• _The problem_:
Nothing in the records below should be altered in the copy, although the pictures must be left out.

• _Data provided_:
== Segment start ==
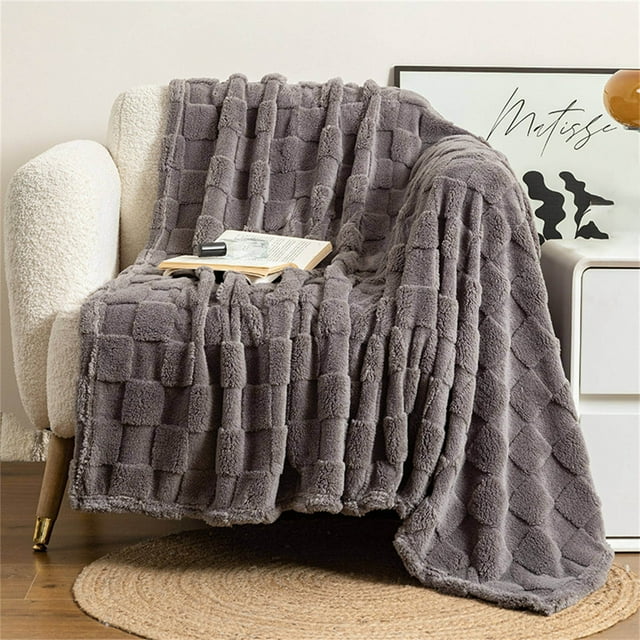 Poaug Blanket Clearance Textured Blanket Thickened Checkerboard Blanket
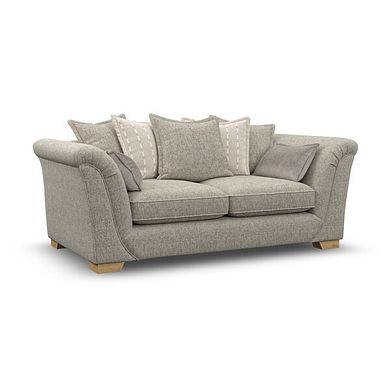 Milldale 3 Seater Pillow Back Sofa in Milo Mink Fabric with Linen Scatters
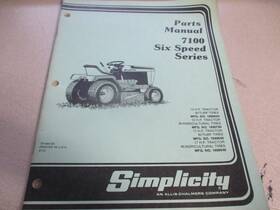 Tp-844-02 Simplicity Parts Manual 7100 Six Speed Series Lawn Tractor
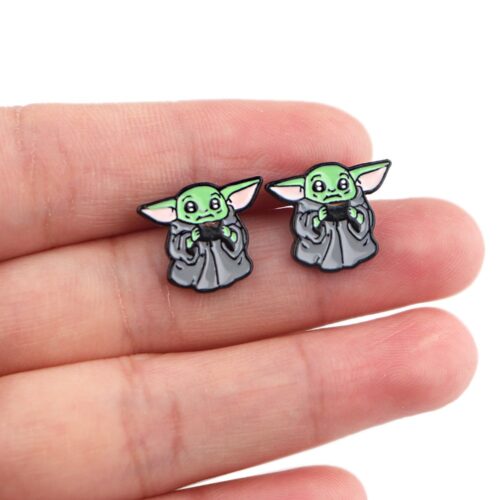 Серьги - гвоздики Грогу Мандалорец Маленький Мастер Йода ( Baby Yoda) из фильма Звездные войны Star Wars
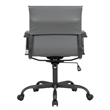 LeisureMod Harris Leather Office Swivel Chair with Iron Frame in Gray
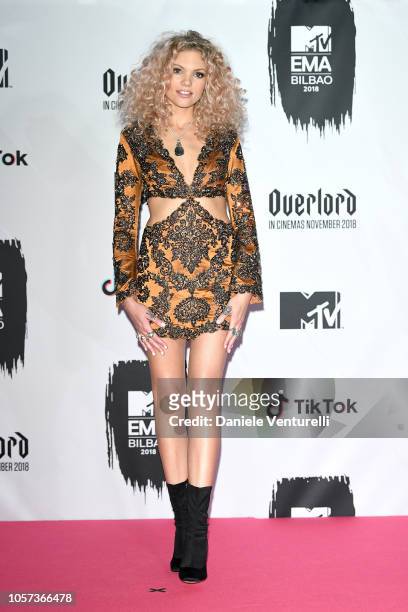 Becca Dudley poses in the Winners room during the MTV EMAs 2018 on November 4, 2018 in Bilbao, Spain.
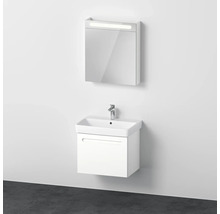 Meuble de salle de bains 3 pièces DURAVIT No.1 65 x 200 x 45 cm façade blanc avec vasque en céramique blanc avec lavabo sous-vasque armoire de toilette lumineuse N10167R18180000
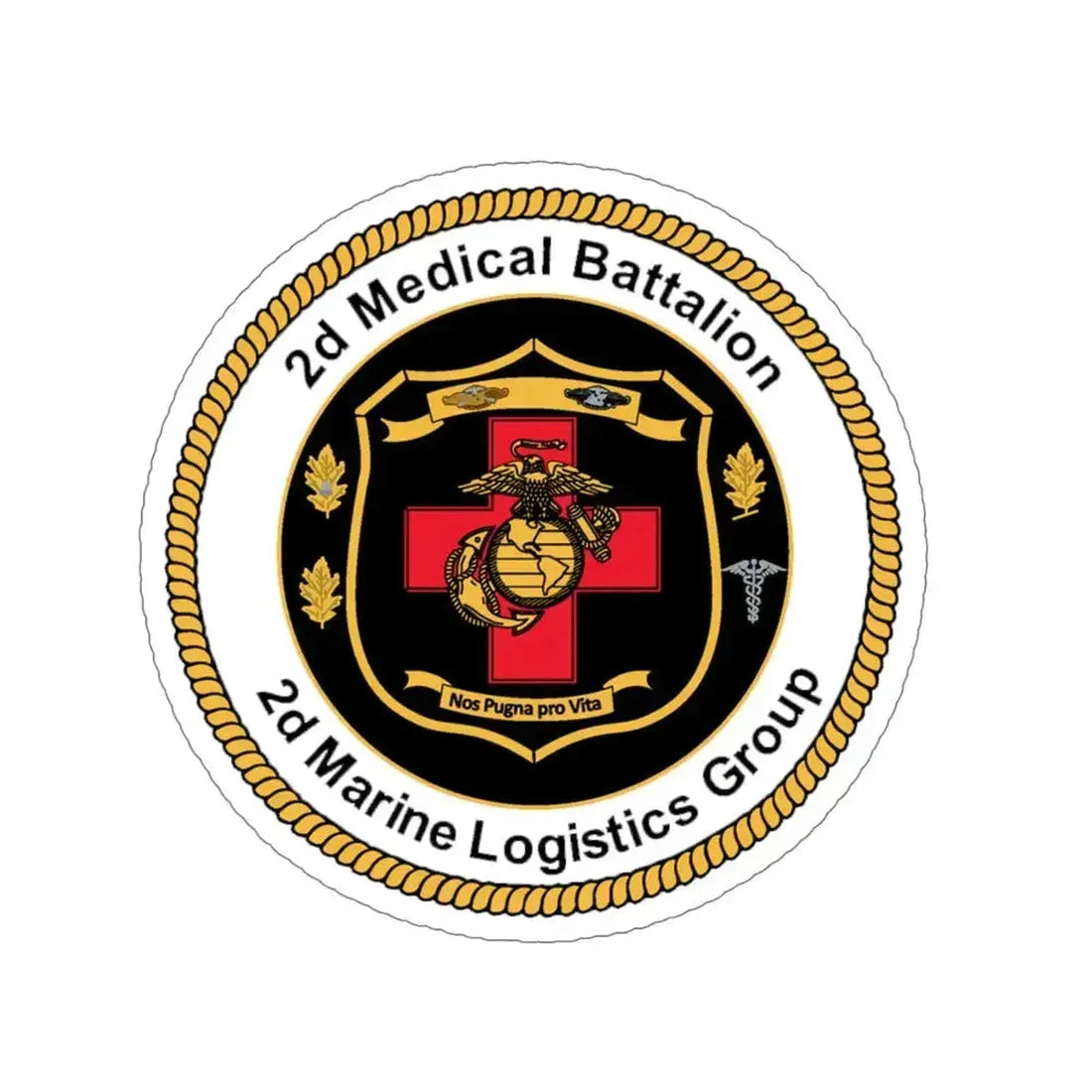 2d Medical Battalion 2d Marine Logistical Group (USMC) STICKER Vinyl Die-Cut Decal 6 Inch - The Sticker Space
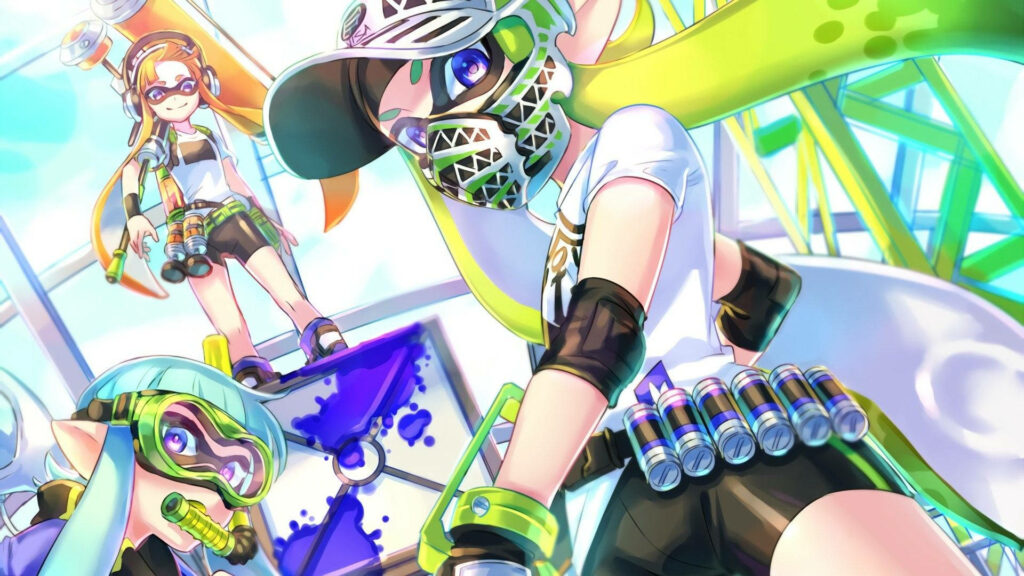 Vibrant Splatoon Trio Engage in an Epic Battle on Sun-drenched Battleground Wallpaper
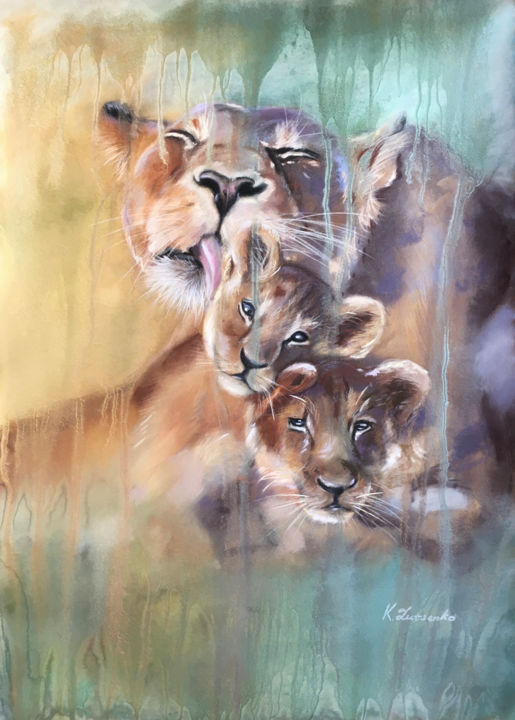 Drawing titled "‘Family chill-out’…" by Ksenia Lutsenko, Original Artwork, Pastel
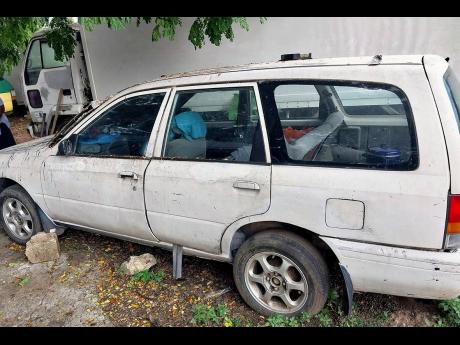 The abandoned Nissan motor car which has been Lamour Pinnock's home for the past four years.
== Segment end ==
• _Answer below_:
 Poaug Blanket Clearance Textured Blanket Thickened Checkerboard Blanket
 Milldale 3 Seater Pillow Back Sofa in Milo Mink Fabric with Linen Scatters
 Tp-844-02 Simplicity Parts Manual 7100 Six Speed Series Lawn Tractor
 Серьги - гвоздики Грогу Мандалорец Маленький Мастер Йода ( Baby Yoda) из фильма Звездные войны Star Wars
 LeisureMod Harris Leather Office Swivel Chair with Iron Frame in Gray
 Becca Dudley poses in the Winners room during the MTV EMAs 2018 on November 4, 2018 in Bilbao, Spain.
 Meuble de salle de bains 3 pièces DURAVIT No.1 65 x 200 x 45 cm façade blanc avec vasque en céramique blanc avec lavabo sous-vasque armoire de toilette lumineuse N10167R18180000
 2d Medical Battalion 2d Marine Logistical Group (USMC) STICKER Vinyl Die-Cut Decal 6 Inch - The Sticker Space
 Vibrant Splatoon Trio Engage in an Epic Battle on Sun-drenched Battleground Wallpaper
 Drawing titled "‘Family chill-out’…" by Ksenia Lutsenko, Original Artwork, Pastel
 The abandoned Nissan motor car which has been Lamour Pinnock's home for the past four years.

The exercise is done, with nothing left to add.